The drivers for BigQuery, Oracle, PostgreSQL, Snowflake, SQL Server, and YugabyteDB are bundled with Striim Platform. For all other databases, when this adapter is deployed to a Striim server, the appropriate JDBC driver must be installed as described in Installing third-party drivers in Striim Platform.

For all databases, when this adapter is deployed to a Forwarding Agent, the appropriate JDBC driver must be installed as described in Installing third-party drivers in the Forwarding Agent.

If you are using Database Reader to perform an initial load before running an application using a CDC reader, enable CDC on the source and perform the setup tasks for the CDC reader before starting the initial load.

Performing initial loads with Database Reader

Fast Snapshot Recovery during initial load

When a Database Reader application with recovery enabled (see Recovering applications) is stopped, halts, or terminates before the initial load has completed, when you restart the application it will resume reading tables that have not been completely written to the target. Database Reader's Restart Behavior on IL Interruption setting gives you three choices for what the writer will do:

Keep target table data (default): The application will resume loading, from the beginning, the source tables that had not yet been fully written to the target before the application was interrupted, appending the data to any target tables with partial data. This will typically result in duplicate rows in the target or the application halting with a duplicate row error, which will require manual effort (described below) to resolve. This is the default because it is the closest to the behavior of Striim 4.x, in which recovery was not supported for Database Reader.
Replace target table (recommended): Striim will drop and re-create any target tables with partial data or no data, then resume loading, from the beginning, the source tables that had not yet been fully written to the target before the application was interrupted. This option requires Create Schema to be True, and the writer must have DROP permission on tables in the target schema.
Truncate target table: Striim will delete all data from target tables with partial data or no data, then resume loading, from the beginning, the source tables that had not yet been fully written to the target before the application was interrupted. The writer must have TRUNCATE permission on tables in the target schema.
Functionally, Truncate target table is similar to Replace target table except it does not require you to give Striim permission to drop tables in the target.

If you create the Database Reader application using a wizard, to change the Restart Behavior on IL Interruption setting you must modify the application in the Flow Designer.

In detail, depending on the initial load status of each source table, after the application is restarted Striim will do the following or, in the case of Keep target table data, you must do the following. You can view the tables' statuses using the command SHOW <namespace>.<source name> ILSUMMARY;.
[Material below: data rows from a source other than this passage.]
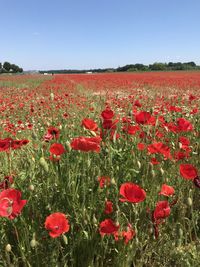 Red poppies on field against sky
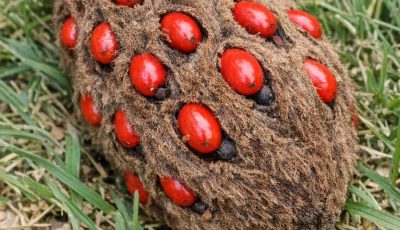Found this weird fuzzy cone with bright red berries popping out of it under my tree.
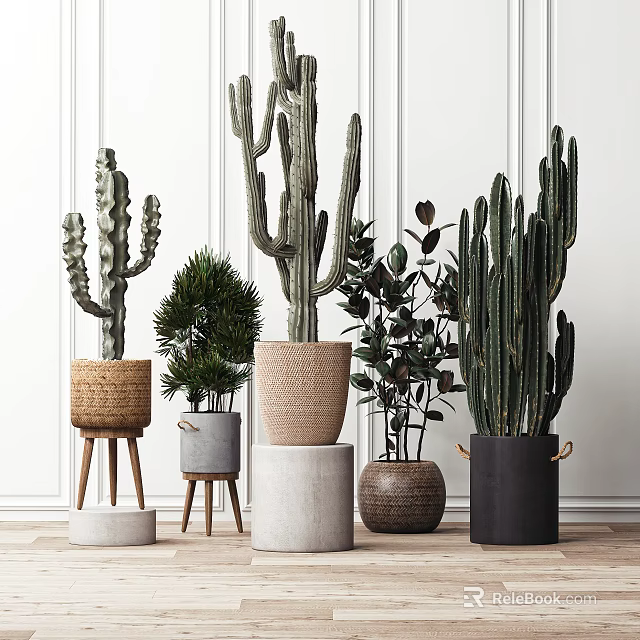 Indoor Potted Cacti and Green Plants in Decorative Woven and Ceramic Pots 3d model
table status: description	Keep target table data	Replace target table	Truncate target table
WAITING_TO_PROCESS: Database Reader had not read the table before the application was interrupted.	If Create Schema is True, you must manually drop the table before restarting the application. If Create Schema is False, you must manually truncate the target table before restarting the application.	Striim will drop and re-create the target table.	Striim will attempt to truncate the target table. If the table does not exist, the application will halt.
SCHEMACREATION_COMPLETED: Create Schema is True and the table has been created in the target, but Database Reader had not started reading the table's data before the application was interrupted.	You must manually truncate the target table before restarting the application. (Writing data may have begun even though the status had not yet changed to IL_INPROGRESS.)	Striim will drop and re-create the target table	Striim will truncate the empty target table.
IL_INPROGRESS: Database Reader was reading the table when the application was interrupted.	You must manually truncate the target table before restarting the application.	Striim will drop and re-create the target table	Striim will attempt to truncate the target table. If the table does not exist, the application will halt.
IL_COMPLETED: The table was fully written to the target before the application was interrupted.	No action required.	Database Reader will not read the table again.	Database Reader will not read the table again.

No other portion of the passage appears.